The ownership of the mine passed between three companies, the third being Associated Goldfields Limited, who bought both the Kerr-Addison mine, and the adjacent Reddick mine, in 1917. The company became Canadian Associated Goldfields in 1921 before going bankrupt in 1928. Proprietary Mines Limited was then formed and took over the mines, and an additional nearby sixteen claims.

Between 1920 and 1921, Proprietary Mines Limited sunk a 91-metre shaft and developed levels at 175 ft and 300 ft depth. The lower level cross-cut missed the ore body by about 6 metres, and although more drilling did later reach the ore body, the mine was abandoned in 1923.

Kerr-Addison Mines was incorporated in 1936, out of a merger of Kerr-Addison Gold Mines, Anglo-Huronian, Bouzan Mines and Prospector Airways and purchased 26 full and 2 fractional claims in 1937. The company drove four adits to explore mineral veins into a hill on the west of the property where they found low grades of gold. Diamond drilling from within the #1 adit was successful and returned ore with 10.5 grams per ton of gold for over 33 metres. More drilling followed, as did the construction of a $1.75 million 450-tonnes-per-day processing mill. Ore processing started on May 2, 1938, and the first bar of gold was poured on June 11, 1938. The same year, the mine's owners requested government permission to dump mine tailings, containing cyanide, into Larder Lake.
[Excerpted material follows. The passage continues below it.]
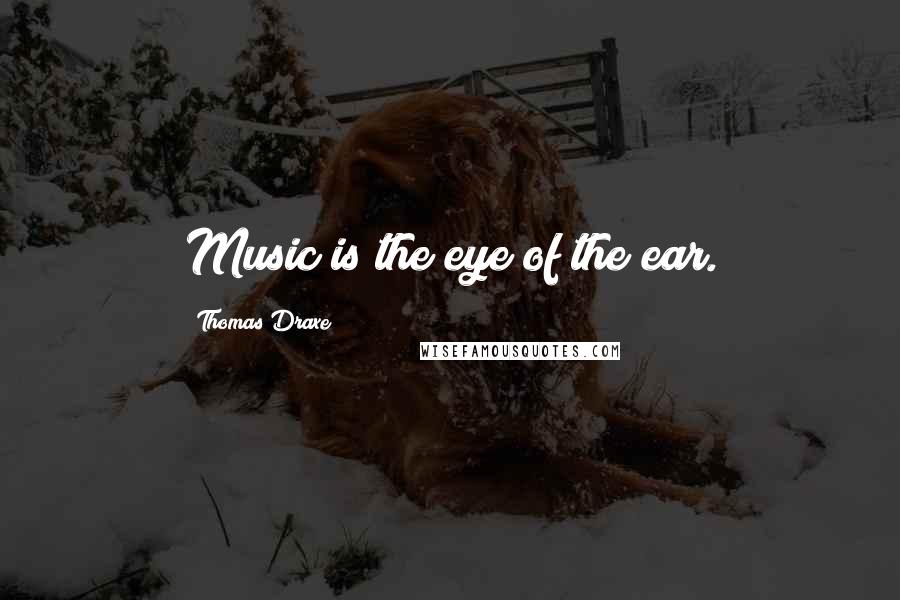 Thomas Draxe Quotes: Music is the eye of the ear.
The mill was upgraded to be able to process 1,090 tons per day in 1939, and after significantly more gold was discovered at 1,000 feet depth in 1940, the mill was further upgraded to 1,725 tons per day in 1941. By 1958, shaft #3 was lowered to 1,174 metres, and #4 was lowered to 1,829 metres (6,000 feet) in 1959.
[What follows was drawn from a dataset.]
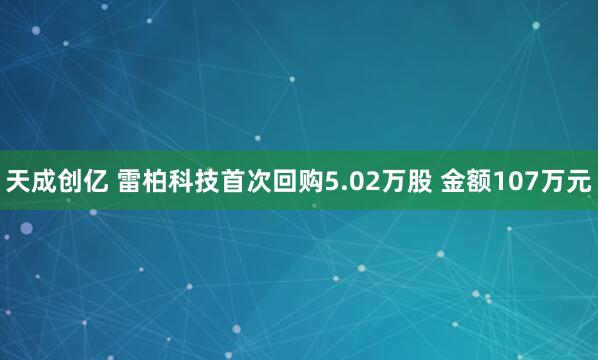 天成创亿 雷柏科技首次回购5.02万股 金额107万元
World War II decreased production to 1,000 tons per day, but it rose in 1948 to processing over 3,630 tons per day, which was maintained until 1961. The mine ranked as the top producing gold mine in North America in 1960, when it produced 18,400 kilograms of gold, generated from 1,512,860 tons of ore. Ore reserves dwindled in 1960 and all further exploration was abandoned in 1963, with the focus of the work shifting to removing ore that was already identified.

In 1957, the mine's owners acquired Chesterville gold mine.

==== Workers and unionisation ====
The mine employed 2,500 people at its peak. The Kerr-Addison Employees's Association union was formed in 1943. In December 1946 workers voted on joining the International Union of Mine, Mill and Smelter Workers. The Kerr-Addison union became affiliated with the Canadian National Federation of Independent Union in 1981 and in 1989 merged with United Steelworkers of America to become USWA Local 9283.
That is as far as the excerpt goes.